SALVATORE DINAPOLI, MICHELLE NEESE, AND CHRISTOPHER FLYNN,
PLAINTIFFS,
v.
INTERNATIONAL ALLIANCE OF THEATRICAL STAGE EMPLOYEES LOCAL 8, AND THE WALNUT STREET THEATER CORPORATION DEFENDANTS.



The opinion of the court was delivered by: Robert F. Kelly, Sr. J.

MEMORANDUM

Presently before the Court are a Motion to Compel Discovery Responses from Defendant International Alliance of Theatrical Stage Employees Local 8 ("Union Motion") and a Motion to Compel Discovery Responses and/or Supplemental Responses from Defendant the Walnut Street Theater Corporation ("Theater Motion") filed by Plaintiffs Salvatore DiNapoli ("DiNapoli"), Michelle Neese ("Neese"), and Christopher Flynn ("Flynn") (collectively, "Plaintiffs"). For the reasons set forth below, Plaintiffs' Motions will be denied.

I. BACKGROUND

This suit is primarily one for breach of a collective bargaining agreement ("CBA") by Defendants International Alliance of Theatrical Stage Employees ("the Union") and The Walnut Street Theater Corporation ("the Theater") (collectively, "Defendants") and breach of duties owed to union members by the Union. Plaintiffs allege that Neese was wrongfully terminated from employment by the Theater after she reported that several employees submitted inaccurate timesheets. Plaintiffs also allege that DiNapoli and Flynn were wrongfully terminated for their presumed involvement in reporting the timesheet inaccuracies. According to the Plaintiffs, each termination of employment amounted to a breach of the CBA by both Defendants. Moreover, Plaintiffs allege that the Union did not follow proper procedure to amend the terms of the CBA, failed to process grievances filed by them, and retaliated against them for instituting the instant litigation.
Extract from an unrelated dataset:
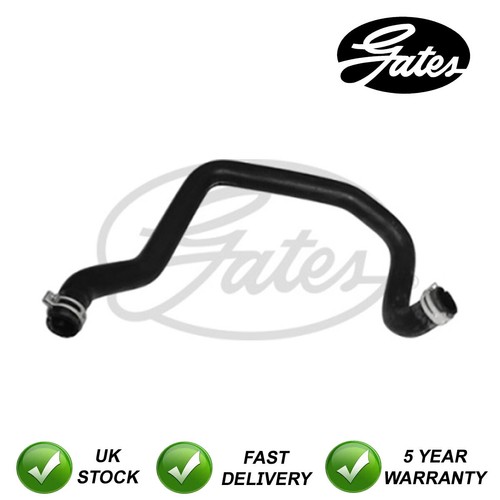 Gates lower radiator - lower, hose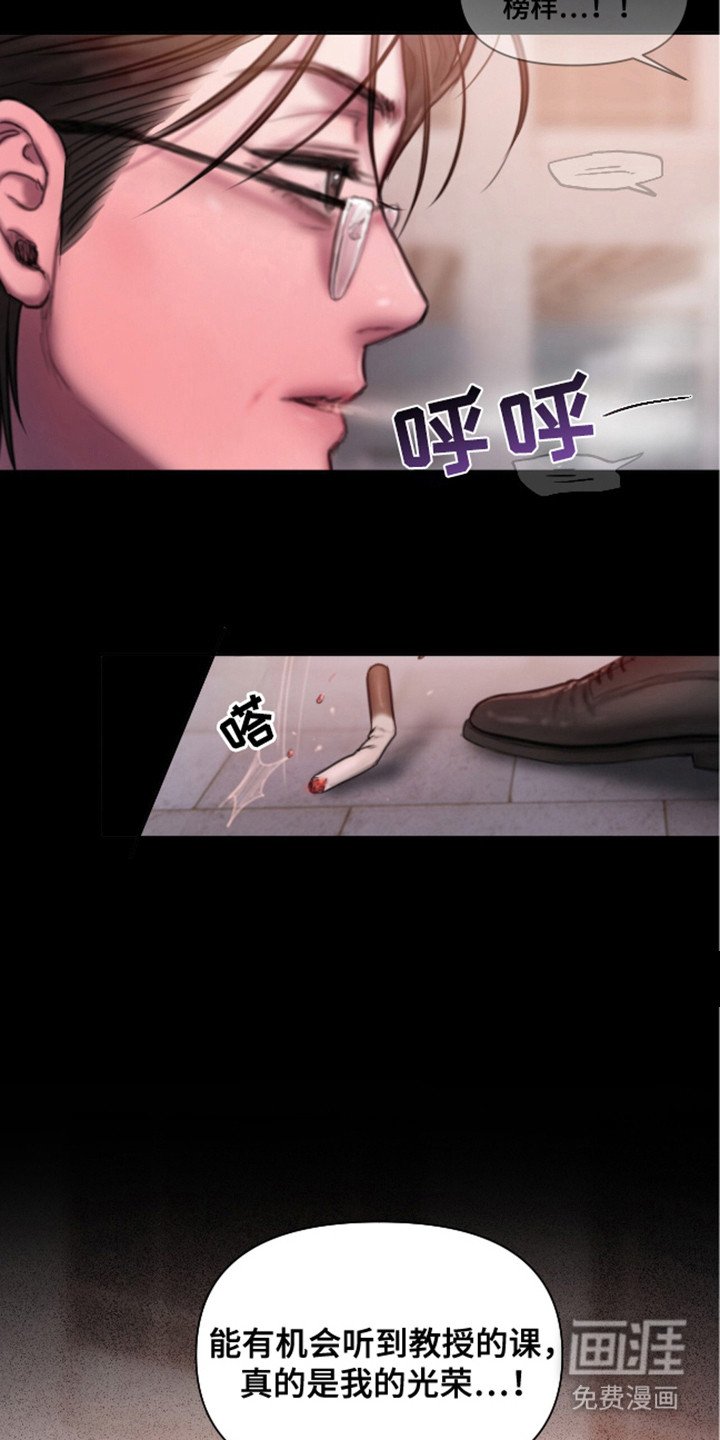 第12章：理想型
On December 11, 2009, Plaintiffs filed this action against the Union, the Theater, and several other individuals who were employees or representatives of either the Union or the Theater. Originally the scope of Plaintiffs' case was much broader. Plaintiffs initially alleged breach of the duty of fair representation against the Union (Count I),*fn1 breach of the CBA against the Union and Theater (Count II),*fn2 retaliatory suspension and/or discharge against the Theater (Count III), civil conspiracy against all defendants (Count IV), intentional infliction of emotional distress against all Defendants (Count V), fraud against all defendants (Count VI), and fraudulent misrepresentation against all defendants (Count VII).
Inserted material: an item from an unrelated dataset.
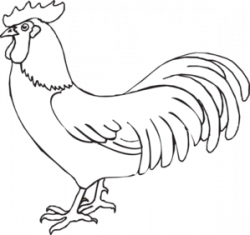 Free Rooster Clip Art, Download Free Clip Art, Free Clip Art ...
The following events narrowed the scope of Plaintiffs' case considerably. On March 1, 2010, the Theater filed a Motion to Dismiss seeking to dismiss a majority of the counts against it, and on April 15, 2010, the Union filed a Motion for Judgment on the Pleadings. On May 19, 2010, we dismissed Counts III, IV, V, VI, and VII with prejudice. As a result, the individuals who were employees or representatives of the Union or the Theater were terminated from the suit. On July 30, 2010, Plaintiffs filed a Motion for Leave to Amend their Complaint, which we granted on August 30, 2010. That same day, Plaintiffs filed an Amended Complaint, in which they allege breach of the fair duty of representation against the Union (Count I), breach of the CBA against both Defendants (Count II), violation of the Labor Management Reporting and Disclosure Act of 1959 ("LMRDA") (Count III),*fn3 and retaliation for exercising their rights under the National Labor Relations Act ("NLRA") (Count IV).*fn4

On February 2, 2011, Plaintiffs filed the Union Motion and the Theater Motion.*fn5

Plaintiffs seek to compel the Union to respond to one interrogatory and one request to produce documents. Plaintiffs seek to compel the Theater to respond to eight interrogatories and eight requests to produce documents. On February 14, 2011, the Union filed a Response in Opposition to the Union Motion. That same day, the Theater filed a Response in Opposition to the Theater Motion.

II. DISCUSSION

Federal Rule of Civil Procedure 26 allows litigants to "obtain discovery regarding any non-privileged matter that is relevant to any party's claim or defense[.]" Fed. R. Civ. P. 26(b)(1). "Material is relevant if it bears on, or reasonably could bear on, an issue that is or may beinvolved [in] the litigation." Topol v. Tr. of Univ. of Pa., 160 F.R.D. 476, 477 (E.D. Pa. 1995). "Relevant information need not be admissible at the trial if the discovery appears reasonably calculated to lead to the discovery of admissible evidence." Fed. R. Civ. P. 26(b)(1). "[Relevancy] under Rule 26 is to be construed liberally," but it "must also be determined and limited by the context of the facts and circumstances of each particular case." Williams v. Am. Cyanamid, 164 F.R.D. 615, 616 (D.N.J. 1996). A district judge must exercise broad discretion in supervising discovery. Bowman v. Gen. Motors Corp., 64 F.R.D. 62, 69 (E.D. Pa. 1974).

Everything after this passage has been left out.